PassAudited by ClawScan on May 10, 2026.

Overview

This appears to be a local agent-evaluation toolkit, but it can repeatedly run user-provided test code and load scenario files, so use it with test data and sandboxed agents.

Use this as a local testing library: keep benchmark callbacks non-destructive, run simulations against test agents or mocks, load only trusted scenario files, and inspect the source because the registry does not provide an upstream homepage or source link.

Findings (3)

Artifact-based informational review of SKILL.md, metadata, install specs, static scan signals, and capability signals. ClawScan does not execute the skill or run runtime probes.

What this means

If a benchmark callback calls a real agent, service, or account-changing action, the suite could repeat that action many times and create cost or unintended changes.

Why it was flagged

The benchmark framework executes caller-provided test callbacks, and the surrounding code runs them across configured iterations.
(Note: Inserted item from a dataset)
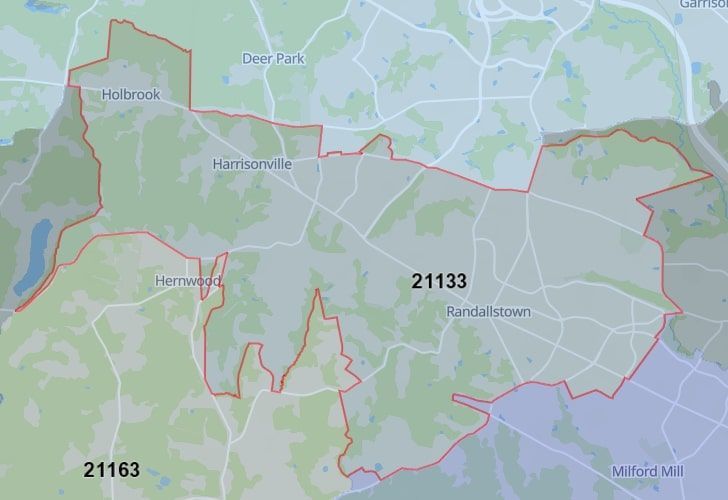 Focused Map View On Milford Mill, MD, Featuring Zip Code 21133.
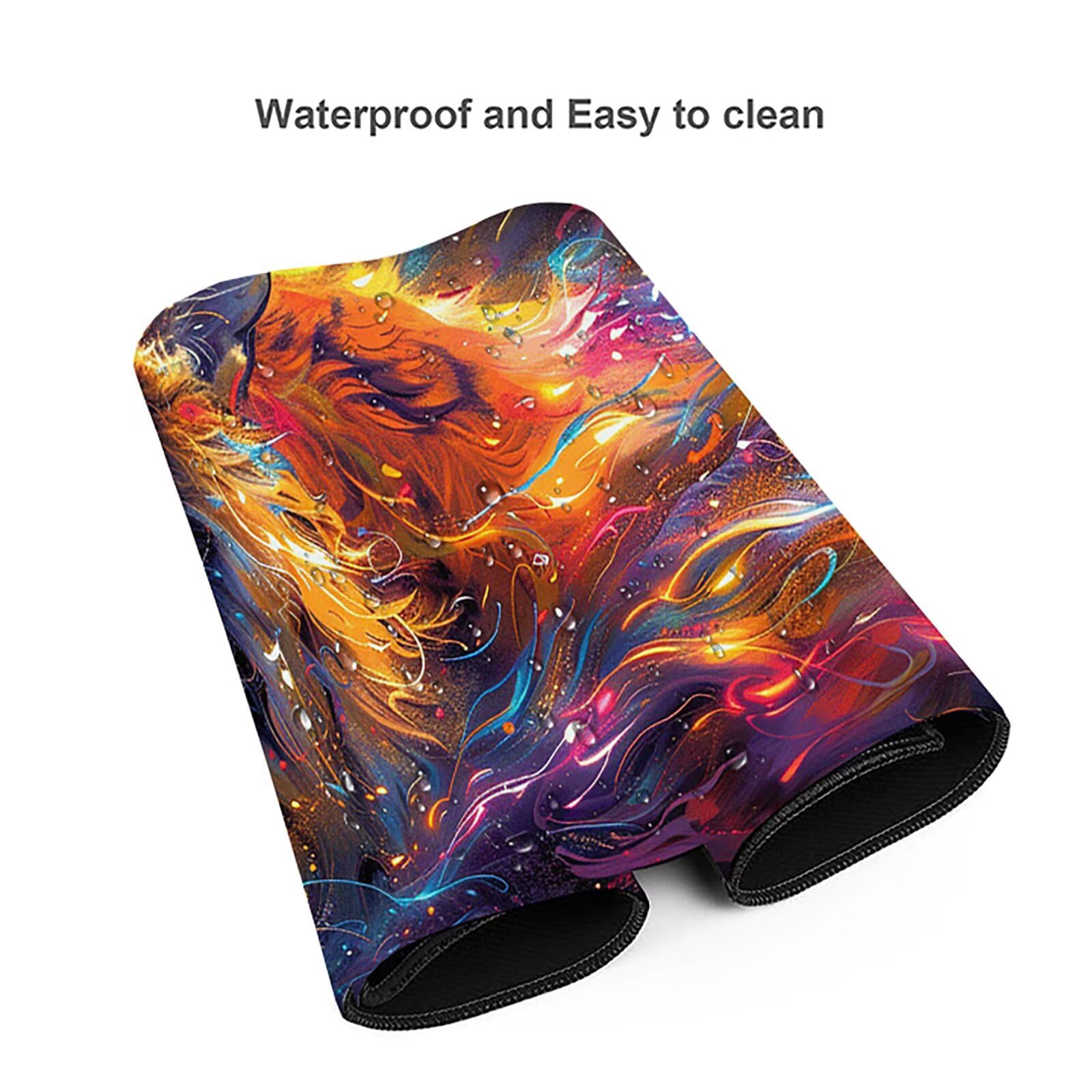 Tigre Alfombrilla Ratón Gaming XXL 1500x800x3mm, Alfombrilla Gaming Amarillo Mousepad con Base de Goma Antideslizante, Impermeable Desk Mat para Teclado y Raton, Accesorios Gaming, Regalos 9-X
This is expected for benchmarking but can repeat any side effects in the callback.

Skill content
await this.runWithTimeout(test.execute(agent), this.options.timeout);
Recommendation

Run benchmarks against mocks, sandboxes, or test accounts; keep iteration counts controlled; and avoid callbacks that mutate production data without explicit human approval.

What this means

If an agent were influenced to load an unintended local JSON file as a scenario, local file contents could be parsed into the evaluation workflow.

Why it was flagged

The simulator can read a scenario from an absolute path or from the configured scenarios directory. This is useful for simulation inputs, but it means scenario path selection should remain trusted and scoped.

Skill content
const scenarioPath = path.isAbsolute(scenarioName) 
      ? scenarioName 
      : path.join(this.options.scenarios, `${scenarioName}.json`);

    try {
      const content = fs.readFileSync(scenarioPath, 'utf-8');
Recommendation

Only load trusted scenario files from a dedicated fixtures directory, and do not let untrusted prompts choose arbitrary local file paths.

What this means

Users have less external context for who maintains the package or where to verify updates.

Why it was flagged

The registry metadata does not provide an upstream source or homepage, which limits provenance verification. The included package has no dependencies or install scripts, so the observed supply-chain risk is limited.

Skill content
Source: unknown
Homepage: none
Recommendation

Review the included source before use, install it in a disposable project first, and prefer pinned or verified sources for production evaluation workflows.